The Minister for the Environment, Mr Dempsey, sees his gargantuan Planning Bill, published yesterday, as an attempt to balance many different interests in the planning process, where conflict between developers and objectors is as inevitable as night following day.
The legislation, with 245 sections, contains something for everyone, though not quite as much as either side was seeking. The development lobby wanted to cut out third parties as much as possible while these objectors sought to defend their traditional rights.
Moves which curtail these rights, such as the requirement that any third party appealing to An Bord Pleanala must first have expressed its views to the relevant local authority, and paid for the privilege, may be seen as concessions to sweeten the social housing measure in the Bill.
This will require developers to sell local authorities, at agricultural land prices, up to 20 per cent of every site of more than half an acre they acquire from yesterday for development by the authorities as "social and affordable" housing. Nobody knows how this will work in practice.
Will builders hive off the worst possible part of every site to fulfil the 20 per cent requirement? And if so, will these areas become new ghettos in the corner of an otherwise private housing estate?
Unlike Britain, there is not a well-established housing association movement here, occupying a middle ground between the public and private sectors and offering affordable accommodation for rent to those who cannot afford to shoulder the burden of large mortgages.
Housing in Dublin and other cities is at least as socially stratified as it is in Britain, if not more so. The last thing many first-time house buyers want to hear is that a local authority estate is to be built nearby.
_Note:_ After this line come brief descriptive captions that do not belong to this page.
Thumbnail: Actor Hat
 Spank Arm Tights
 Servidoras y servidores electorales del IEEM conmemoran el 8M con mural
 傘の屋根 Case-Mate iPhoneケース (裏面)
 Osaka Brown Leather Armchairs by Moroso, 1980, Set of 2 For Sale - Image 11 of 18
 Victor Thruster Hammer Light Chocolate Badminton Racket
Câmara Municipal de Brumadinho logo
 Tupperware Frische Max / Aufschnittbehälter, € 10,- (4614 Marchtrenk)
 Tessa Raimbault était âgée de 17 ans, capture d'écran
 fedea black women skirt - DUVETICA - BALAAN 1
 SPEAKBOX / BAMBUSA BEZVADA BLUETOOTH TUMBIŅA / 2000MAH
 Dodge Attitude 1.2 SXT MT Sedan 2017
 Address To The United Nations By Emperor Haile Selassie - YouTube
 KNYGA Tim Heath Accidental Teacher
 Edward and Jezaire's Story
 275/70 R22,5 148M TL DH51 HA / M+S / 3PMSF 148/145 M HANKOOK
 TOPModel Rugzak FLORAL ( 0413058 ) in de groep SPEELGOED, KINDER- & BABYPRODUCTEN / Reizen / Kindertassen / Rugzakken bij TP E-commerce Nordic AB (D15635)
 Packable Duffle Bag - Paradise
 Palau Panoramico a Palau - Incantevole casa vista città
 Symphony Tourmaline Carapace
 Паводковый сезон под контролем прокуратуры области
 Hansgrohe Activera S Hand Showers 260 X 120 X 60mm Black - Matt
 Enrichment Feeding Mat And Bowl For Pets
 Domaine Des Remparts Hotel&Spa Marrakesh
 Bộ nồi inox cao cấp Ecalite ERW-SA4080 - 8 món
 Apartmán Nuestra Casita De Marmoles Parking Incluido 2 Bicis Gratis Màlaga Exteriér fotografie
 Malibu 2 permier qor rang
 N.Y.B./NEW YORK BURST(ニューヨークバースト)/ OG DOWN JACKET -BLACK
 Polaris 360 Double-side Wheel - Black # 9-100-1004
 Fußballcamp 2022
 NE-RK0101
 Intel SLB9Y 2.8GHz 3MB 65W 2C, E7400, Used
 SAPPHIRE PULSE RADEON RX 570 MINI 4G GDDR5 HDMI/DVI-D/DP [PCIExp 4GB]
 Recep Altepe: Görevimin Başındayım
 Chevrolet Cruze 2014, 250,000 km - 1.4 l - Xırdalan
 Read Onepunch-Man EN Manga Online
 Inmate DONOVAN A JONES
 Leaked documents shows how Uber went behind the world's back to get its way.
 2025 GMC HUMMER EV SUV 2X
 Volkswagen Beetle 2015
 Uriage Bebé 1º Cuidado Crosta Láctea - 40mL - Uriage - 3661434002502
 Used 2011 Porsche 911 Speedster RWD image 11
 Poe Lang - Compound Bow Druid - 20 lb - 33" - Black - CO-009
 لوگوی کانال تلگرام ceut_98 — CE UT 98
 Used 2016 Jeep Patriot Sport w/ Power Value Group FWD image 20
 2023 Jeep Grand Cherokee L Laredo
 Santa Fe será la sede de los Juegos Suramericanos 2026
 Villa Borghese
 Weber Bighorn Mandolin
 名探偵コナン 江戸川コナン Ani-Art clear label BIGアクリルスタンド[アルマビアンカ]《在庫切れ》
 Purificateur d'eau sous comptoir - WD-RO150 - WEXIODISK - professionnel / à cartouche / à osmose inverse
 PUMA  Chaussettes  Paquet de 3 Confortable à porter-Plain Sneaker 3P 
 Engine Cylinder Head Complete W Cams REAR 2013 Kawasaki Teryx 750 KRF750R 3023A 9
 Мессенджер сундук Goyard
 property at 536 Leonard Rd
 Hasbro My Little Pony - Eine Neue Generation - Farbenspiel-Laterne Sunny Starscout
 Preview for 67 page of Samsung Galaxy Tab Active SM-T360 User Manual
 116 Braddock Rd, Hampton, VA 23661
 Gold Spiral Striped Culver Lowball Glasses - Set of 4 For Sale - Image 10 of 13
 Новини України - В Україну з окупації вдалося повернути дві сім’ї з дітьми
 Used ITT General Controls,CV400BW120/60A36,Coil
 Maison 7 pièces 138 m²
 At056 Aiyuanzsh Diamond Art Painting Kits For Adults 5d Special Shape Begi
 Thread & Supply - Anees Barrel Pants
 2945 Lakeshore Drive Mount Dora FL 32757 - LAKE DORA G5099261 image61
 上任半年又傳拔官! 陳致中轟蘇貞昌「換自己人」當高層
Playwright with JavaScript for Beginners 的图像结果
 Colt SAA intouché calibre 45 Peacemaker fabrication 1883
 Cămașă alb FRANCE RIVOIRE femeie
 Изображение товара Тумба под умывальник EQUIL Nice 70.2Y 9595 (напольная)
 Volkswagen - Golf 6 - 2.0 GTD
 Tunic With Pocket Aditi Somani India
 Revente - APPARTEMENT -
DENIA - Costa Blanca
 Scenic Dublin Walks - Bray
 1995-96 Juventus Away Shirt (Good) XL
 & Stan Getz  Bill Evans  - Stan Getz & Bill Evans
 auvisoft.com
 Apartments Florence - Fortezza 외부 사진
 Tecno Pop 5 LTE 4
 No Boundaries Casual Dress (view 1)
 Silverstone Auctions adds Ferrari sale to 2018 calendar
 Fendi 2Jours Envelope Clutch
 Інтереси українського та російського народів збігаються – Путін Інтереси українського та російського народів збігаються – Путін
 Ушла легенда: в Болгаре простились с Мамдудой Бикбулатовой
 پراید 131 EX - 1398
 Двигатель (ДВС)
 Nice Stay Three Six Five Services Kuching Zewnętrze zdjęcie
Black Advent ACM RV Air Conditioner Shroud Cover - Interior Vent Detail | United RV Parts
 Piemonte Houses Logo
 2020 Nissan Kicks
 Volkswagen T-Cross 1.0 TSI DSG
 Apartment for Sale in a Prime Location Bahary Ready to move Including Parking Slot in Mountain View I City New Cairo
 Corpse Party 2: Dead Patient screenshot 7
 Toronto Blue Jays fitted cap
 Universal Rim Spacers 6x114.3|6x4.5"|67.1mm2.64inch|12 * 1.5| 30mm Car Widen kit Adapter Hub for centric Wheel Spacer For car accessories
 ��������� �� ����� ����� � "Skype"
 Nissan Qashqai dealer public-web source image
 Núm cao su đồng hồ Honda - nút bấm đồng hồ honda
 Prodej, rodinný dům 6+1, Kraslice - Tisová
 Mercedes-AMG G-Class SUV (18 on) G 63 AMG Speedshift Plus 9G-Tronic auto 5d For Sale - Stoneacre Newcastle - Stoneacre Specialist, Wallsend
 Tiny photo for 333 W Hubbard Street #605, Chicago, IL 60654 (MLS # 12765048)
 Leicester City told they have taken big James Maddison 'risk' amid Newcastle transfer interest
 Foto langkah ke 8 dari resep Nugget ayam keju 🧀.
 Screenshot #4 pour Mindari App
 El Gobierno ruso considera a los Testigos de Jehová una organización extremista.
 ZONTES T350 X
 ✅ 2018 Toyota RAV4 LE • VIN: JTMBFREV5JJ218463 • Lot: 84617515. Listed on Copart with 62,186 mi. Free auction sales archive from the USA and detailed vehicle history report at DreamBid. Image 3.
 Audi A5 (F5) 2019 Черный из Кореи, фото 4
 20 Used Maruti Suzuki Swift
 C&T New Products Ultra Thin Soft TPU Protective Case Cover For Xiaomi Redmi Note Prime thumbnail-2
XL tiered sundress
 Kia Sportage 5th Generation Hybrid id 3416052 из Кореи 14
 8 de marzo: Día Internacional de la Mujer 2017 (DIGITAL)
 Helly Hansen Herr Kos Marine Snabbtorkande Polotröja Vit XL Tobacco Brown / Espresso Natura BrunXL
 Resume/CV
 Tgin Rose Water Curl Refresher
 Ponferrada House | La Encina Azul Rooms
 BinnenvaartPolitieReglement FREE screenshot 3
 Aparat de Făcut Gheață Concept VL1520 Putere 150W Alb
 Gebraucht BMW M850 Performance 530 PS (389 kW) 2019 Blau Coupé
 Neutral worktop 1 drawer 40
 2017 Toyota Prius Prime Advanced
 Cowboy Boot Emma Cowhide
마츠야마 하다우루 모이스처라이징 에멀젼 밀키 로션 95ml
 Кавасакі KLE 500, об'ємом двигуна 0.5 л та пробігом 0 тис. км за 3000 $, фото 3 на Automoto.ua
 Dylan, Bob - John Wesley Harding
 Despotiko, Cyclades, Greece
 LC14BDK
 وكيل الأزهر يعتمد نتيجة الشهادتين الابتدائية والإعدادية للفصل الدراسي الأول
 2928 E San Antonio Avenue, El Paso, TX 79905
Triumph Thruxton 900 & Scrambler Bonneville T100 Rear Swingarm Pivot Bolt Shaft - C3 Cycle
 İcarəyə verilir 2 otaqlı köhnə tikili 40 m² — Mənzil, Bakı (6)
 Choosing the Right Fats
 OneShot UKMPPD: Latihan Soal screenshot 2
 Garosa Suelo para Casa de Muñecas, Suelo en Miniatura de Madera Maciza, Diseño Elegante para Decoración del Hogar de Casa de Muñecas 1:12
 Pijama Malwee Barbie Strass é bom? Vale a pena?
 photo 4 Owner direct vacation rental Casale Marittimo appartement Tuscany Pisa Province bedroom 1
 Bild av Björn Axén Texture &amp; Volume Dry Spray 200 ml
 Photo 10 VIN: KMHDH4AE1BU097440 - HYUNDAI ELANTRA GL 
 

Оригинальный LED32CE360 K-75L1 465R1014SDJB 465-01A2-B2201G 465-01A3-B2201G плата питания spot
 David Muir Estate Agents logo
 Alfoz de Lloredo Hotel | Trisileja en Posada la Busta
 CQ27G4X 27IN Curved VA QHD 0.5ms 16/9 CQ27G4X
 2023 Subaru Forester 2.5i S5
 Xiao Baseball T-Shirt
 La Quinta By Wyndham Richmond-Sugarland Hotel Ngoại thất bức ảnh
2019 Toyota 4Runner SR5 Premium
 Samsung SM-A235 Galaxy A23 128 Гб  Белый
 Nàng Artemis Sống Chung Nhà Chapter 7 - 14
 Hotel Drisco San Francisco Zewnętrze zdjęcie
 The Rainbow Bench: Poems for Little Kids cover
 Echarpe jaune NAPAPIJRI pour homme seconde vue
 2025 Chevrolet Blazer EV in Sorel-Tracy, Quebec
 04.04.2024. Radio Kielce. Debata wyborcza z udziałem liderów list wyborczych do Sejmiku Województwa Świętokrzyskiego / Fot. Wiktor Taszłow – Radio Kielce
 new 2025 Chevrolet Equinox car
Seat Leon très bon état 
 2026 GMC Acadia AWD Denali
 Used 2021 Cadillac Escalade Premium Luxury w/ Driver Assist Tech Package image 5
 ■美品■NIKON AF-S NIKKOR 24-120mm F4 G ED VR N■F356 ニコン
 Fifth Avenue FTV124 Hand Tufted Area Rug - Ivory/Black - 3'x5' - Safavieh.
Now they might be living cheek by jowl with public housing.
The Bill is intended to encourage integration. "We have paid a very high price for all the ghettos we've created because of segregationist policies in the past," said one senior official.
It must also be noted that the 20 per cent figure is a maximum and it also hinges on local authorities preparing housing strategies. As the Minister explained, the housing need in some local authority areas may not be as pressing as elsewhere, so the proportion could be lower.
Nonetheless, it is clear that the measure will bring down land prices after it finally kicks in. That, too, is part of the agenda. The same could happen to house prices, if only because of the lack of public acceptability for the very idea of socially mixed housing areas.
That is one of the reasons an option to purchase "affordable housing" has been included, subject to claw-back provisions to prevent profiteering. The culture of home ownership is so strong in Ireland that offering such units for sale, as well as for rent, had to be included.
The Bill does not address the issue of quality, as the Royal Institute of the Architects of Ireland has complained. It wants the draft legislation amended to provide "mechanisms . . . to ensure that only high-quality, well-designed buildings are constructed in this country".
For many years, some planners have complained that a local authority has no right to refuse permission for development purely on aesthetic grounds. The Bill does not change this, perhaps because it is simply not possible.
Its authors do point out, however, that the issue of quality will be addressed in the context of guidelines favouring higher housing densities. As last year's Bacon Report stressed, the success of such housing will depend on a much higher level of design input.
The development lobby's biggest coup, however, is the provision in the Bill for designating "strategic development zones" where sites can be offered on a plate to multinational companies, but how the environmental impact is to be assessed is still unclear.
The Bill's provisions for local area, county and city development and strategic regional plans will also require a lot more detailed planning, and it is clear the relevant authorities have not got enough planners to do this.
One consultant said: "We have only one university degree course in planning, at UCD. It's only turning out about 25 planners a year and virtually all of them are snapped up by the private sector." Mr Feargal MacCabe, who was the Bacon Report's planning consultant, said he "fully applauded" the provision requiring third parties to reveal themselves to a local authority at the outset, instead of "turning up out of the blue" with appeals to An Bord Pleanala.
However, the proposal to levy a fee of around £20 for making observations on a planning application is widely viewed as a mechanism to curtail the input of third parties. It would, for example, put the Dublin city branch of An Taisce out of business in two months.
Its chairman, Mr Michael Smith, said it made between seven and 10 observations per week on planning applications and could not afford to pay such a fee. Yet, as a public interest conservation group, its input had been welcomed by Dublin Corporation and An Bord Pleanala.
Mr Smith declined to comment on how Lancefort Ltd, set up by him and others to fight high-profile planning cases, would be affected by the Bill's requirement that anyone seeking a judicial review would have to prove a "substantial interest". He said some of the other provisions were excellent, such as those on enforcement as well as the redefinition of the respective roles of An Bord Pleanala and the Environmental Protection Agency and the inclusion of "sustainable development" as a primary objective.
Mr Dempsey deserves credit for having the courage and foresight to initiate the first major review of Irish planning legislation for more than 35 years, and to consolidate all of the existing planning legislation in a single Act.